Porre dei limiti netti a questa pluridimensionalità che caratterizza l’Uomo, e quindi considerare esclusivamente il piano dell’interesse personale, andrebbe ad oscurare l’identità stessa degli attori sociali.

In ogni caso, molti studiosi continuano ad affermare che l’homo oeconomicus si configuri come una buona approssimazione del comportamento che gli individui assumono all’interno del mercato, poiché la natura umana, come è stato detto, al di là delle spinte empatiche, è portata istintivamente ad un freddo individualismo.
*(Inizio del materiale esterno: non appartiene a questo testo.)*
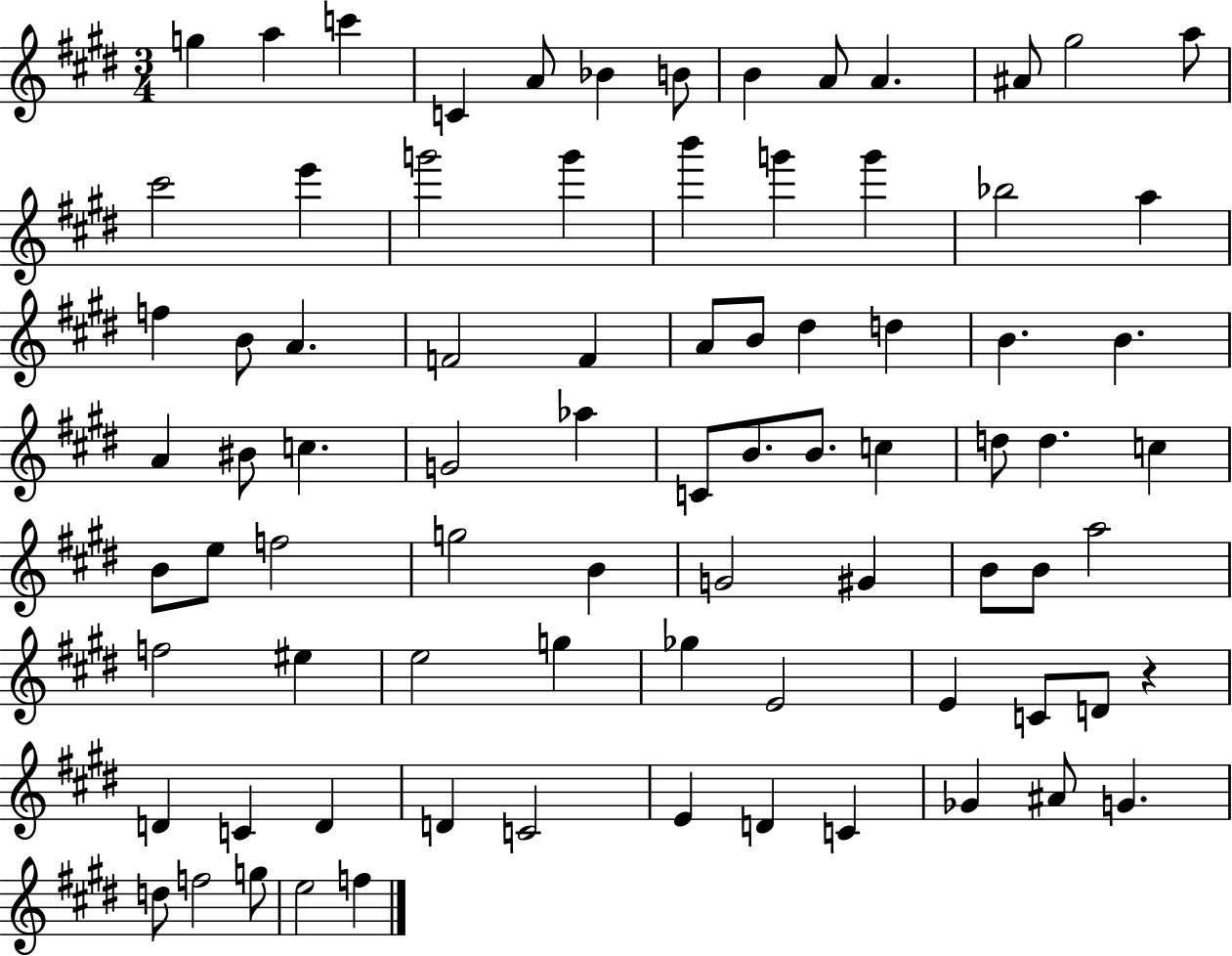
X:1
T:Untitled
M:3/4
L:1/4
K:E
g a c' C A/2 _B B/2 B A/2 A ^A/2 ^g2 a/2 ^c'2 e' g'2 g' b' g' g' _b2 a f B/2 A F2 F A/2 B/2 ^d d B B A ^B/2 c G2 _a C/2 B/2 B/2 c d/2 d c B/2 e/2 f2 g2 B G2 ^G B/2 B/2 a2 f2 ^e e2 g _g E2 E C/2 D/2 z D C D D C2 E D C _G ^A/2 G d/2 f2 g/2 e2 f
Oltre a ciò, da un punto di vista sociale, i mercati richiamano ed attraggono quegli individui che sono particolarmente portati al raggiungimento di un personale obiettivo, poiché le regole interne spingono al calcolo di utilità e di benefici che ricompensano i soggetti più individualisti.

In un quadro così dipinto, risulta piuttosto difficile riuscire ad applicare valori sociali che andrebbero, ovviamente, a collidere con l’interesse personale. Questo perché il mercato si presenta come una creatura estremamente competitiva, che attira principalmente agenti amorali e all’interno della quale è complicato allacciare rapporti empatici che non vadano a limitare la spinta al successo del singolo.

Per quanto riguarda la forte critica secondo la quale gli individui non abbiano possibilità di accesso in modo gratuito e pratico all’informazione senza limiti, nè tantomeno abbiano la capacità e gli strumenti di analisi istantanea delle informazioni a disposizione, alcuni sostenitori del modello rispondono attraverso l’elaborazione di strutture più realistiche. E’ infatti impensabile che un modello pratico dell’homo oeconomicus non tenga conto delle limitazioni conoscitive dell’agente. Per questo motivo viene contemplato l’utilizzo di una razionalità limitata e l’inserimento di caratteristiche e pulsioni umane influenzanti il comportamento, quali l’invidia.

In ultima analisi, dal confronto del modello con le scienze umane, emerge che di un tale concetto, come quello racchiuso nell’homo oeconomicus, possono essere adottate solamente le versioni più moderate e meno cariche da un punto di vista antropologico. Ad ogni modo, continuerebbe sempre a valere l’idea secondo la quale questi modelli debbano essere considerati come delle strutture metodologiche valide in riferimento ad applicazione in circoscritti contesti storici e sociali.

Gli economisti più illuminati ed aperti al dialogo solitamente sono pronti a riconoscere la limitatezza concettuale del modello puro dell’homo oeconomicus. Per questa ragione si tenta di sintetizzare un modello più affidabile che ponga le propria fondamenta a partire dalle critiche mosse e, magari, considerando  durante l’elaborazione della nuova struttura anche la realtà di interdipendenza sociale di più homines oeconomici contemporaneamente.